# ML Model Optimization: Exploratory Analysis
## Human-Guided Interaction Term Engineering

**Expert**: Enzo Rodriguez  
**Task ID**: TASK_11251  
**Model**: Buffalo (Claude Sonnet 4.5)  
**Date**: 2026-02-10

---

This notebook demonstrates the complete workflow for optimizing ML models through correlation analysis and interaction term engineering.

## Setup

In [None]:
import sys
sys.path.insert(0, '../src')

import numpy as np
import pandas as pd
import matplotlib.pyplot as plt
import seaborn as sns

from data_processing import DataProcessor
from correlation_analysis import CorrelationAnalyzer
from interaction_engineering import InteractionEngineer
from model_training import ModelTrainer
from evaluation import ModelEvaluator, compare_multiple_models

# Settings
plt.style.use('seaborn-v0_8-darkgrid')
sns.set_palette('husl')
pd.set_option('display.max_columns', None)
pd.set_option('display.precision', 4)

print("✓ Imports successful")

## 1. Load and Explore Data

In [None]:
# Initialize data processor
processor = DataProcessor()

# Load data - UPDATE THIS PATH
data_path = '../data/raw/your_dataset.csv'
target_col = 'target'  # UPDATE THIS

data = processor.load_data(data_path)

# Display first few rows
data.head()

In [None]:
# Generate and print data profile
processor.print_data_profile()

In [None]:
# Check for missing values
missing = data.isnull().sum()
missing[missing > 0]

## 2. Data Preprocessing

In [None]:
# Handle missing values
if data.isnull().sum().sum() > 0:
    data = processor.handle_missing_values(strategy='median')

# Handle outliers
data = processor.handle_outliers(method='iqr', threshold=1.5)

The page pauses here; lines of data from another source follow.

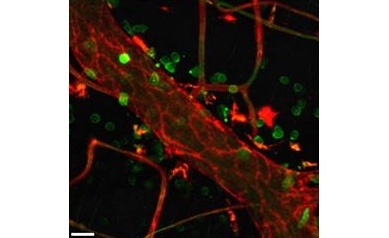 Researchers Receive $4 Million to Study  Common and Costly Cause of Death: Sepsis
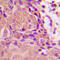 CDKN2A antibody, GTX32378, GeneTex, Immunohistochemistry paraffin image 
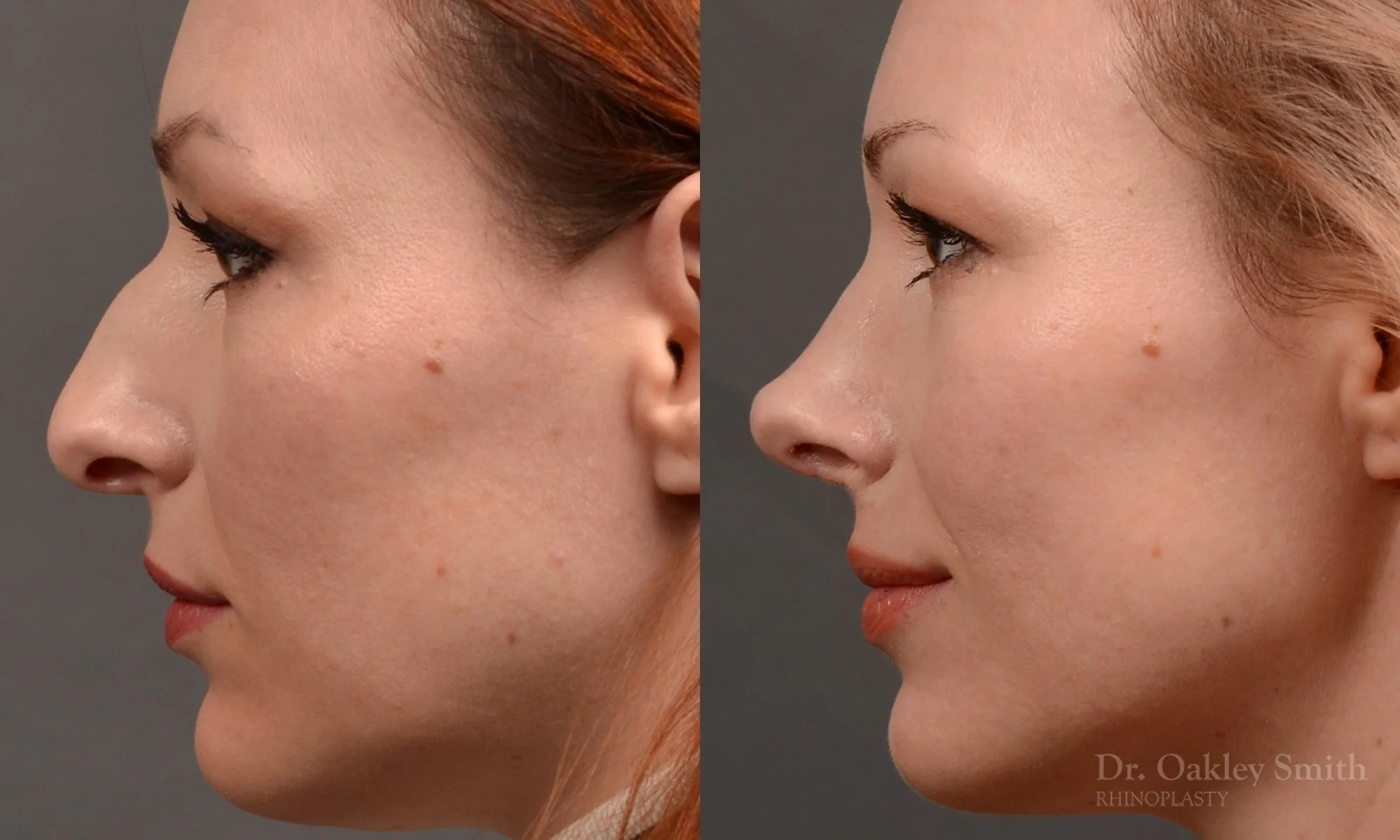 472E-rhinoplasty-dr-oakley-smith-toronto-top-surgeon-nose-job.jpg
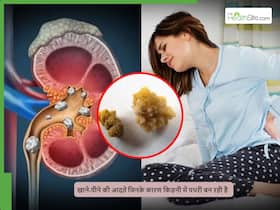 खानपान में की जाने वाली वे कौन सी गलतियां हैं, जिनके कारण किडनी स्टोन होने का खतरा बढ़ता है?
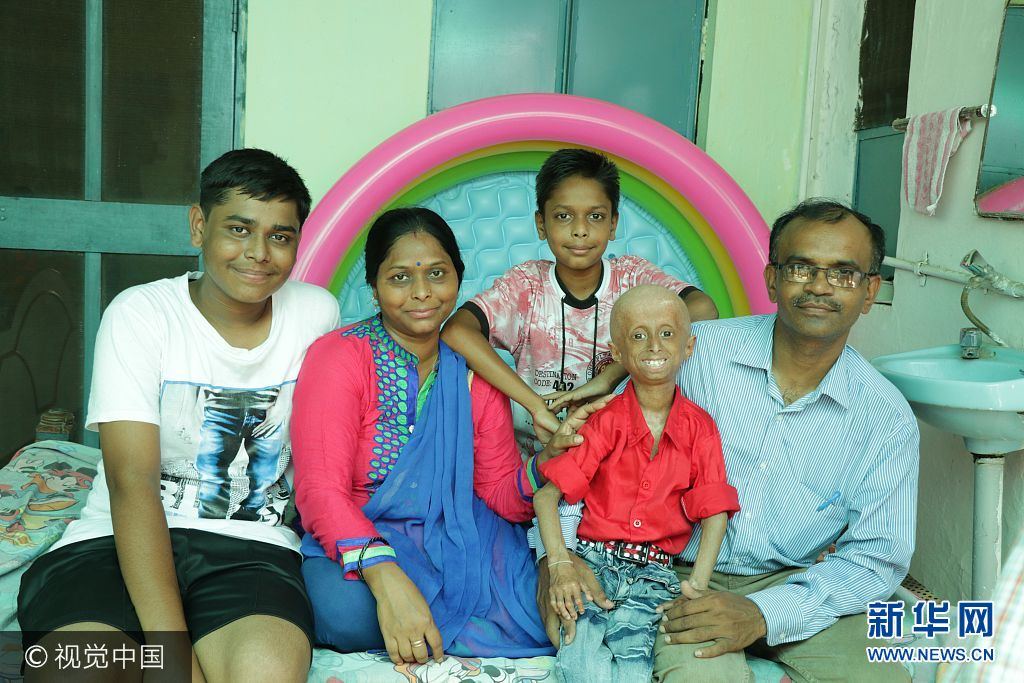 2017年9月11日（具体拍摄时间不详），印度中央邦，来自印度中央邦的11岁男孩Shreyash Barmate外表看起来就像是个老人，这是因为他患有早衰症，衰老速度是同龄人的8倍。虽然只有11岁，Shreyash已经长了皱纹，并且还出现了秃发，四肢也比同龄人要脆弱。尽管很有可能在2年后死去，Shreyash并没有放弃对未来的希望，他唱歌，弹奏乐器，骑自行车，开汽车，也会去游泳。他说自己长大后想成为一名歌手。***_****** EXCLUSIVE ***                                                  MADHYA PRADESH, INDIA - SEPTEMBER 2017: Shreyash Barmate, 11, who suffers from Progeria, poses for a picture with his family on September, 2017 in Madhya Pradesh, India.                                                  An inspirational boy with an ultra-rare genetic condition that makes him look like an old man refuses to let it hold him back ? and even drives a car. Shreyash Barmate, 11 who lives in Madhya Pradesh, India, has progeria ? a condition which causes rapid aging in children. The condition leaves Shreyash suffering from baldness, heavy wrinkles and weakened limbs. The Progeria Research Foundation believe the syndrome is so rare it affects around 1 in 20 million people.                                                   PHOTOGRAPH BY Rare Shot / Barcroft Images                                                  London-T:+44 207 033 1031 E:hello@barcroftmedia.com - New York-T:+1 212 796 2458 E:hello@barcroftusa.com - New Delhi-T:+91 11 4053 2429 E:hello@barcroftindia.com www.barcroftimages.com                         PHOTOGRAPH BY Rare Shot / Barcroft Images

print(f"\nCleaned data shape: {data.shape}")

In [None]:
# Encode categorical variables if present
categorical_cols = data.select_dtypes(include=['object', 'category']).columns.tolist()
if target_col in categorical_cols:
    categorical_cols.remove(target_col)

if categorical_cols:
    data = processor.encode_categorical_variables(columns=categorical_cols, method='onehot')
    print(f"Encoded {len(categorical_cols)} categorical columns")

## 3. Correlation Analysis

In [None]:
# Initialize correlation analyzer
analyzer = CorrelationAnalyzer(data=data, target_col=target_col)

# Compute correlations
corr_matrix = analyzer.compute_correlation_matrix(method='pearson')
target_corr = analyzer.compute_target_correlations(method='pearson')

# Display top correlations with target
target_corr.head(10)

In [None]:
# Visualize correlation heatmap
analyzer.plot_correlation_heatmap(figsize=(14, 12), save_path='../results/correlation_heatmap.png')

In [None]:
# Visualize target correlations
analyzer.plot_target_correlations(top_n=20, save_path='../results/target_correlations.png')

In [None]:
# Identify multicollinearity
multicoll = analyzer.identify_multicollinearity(threshold=0.8)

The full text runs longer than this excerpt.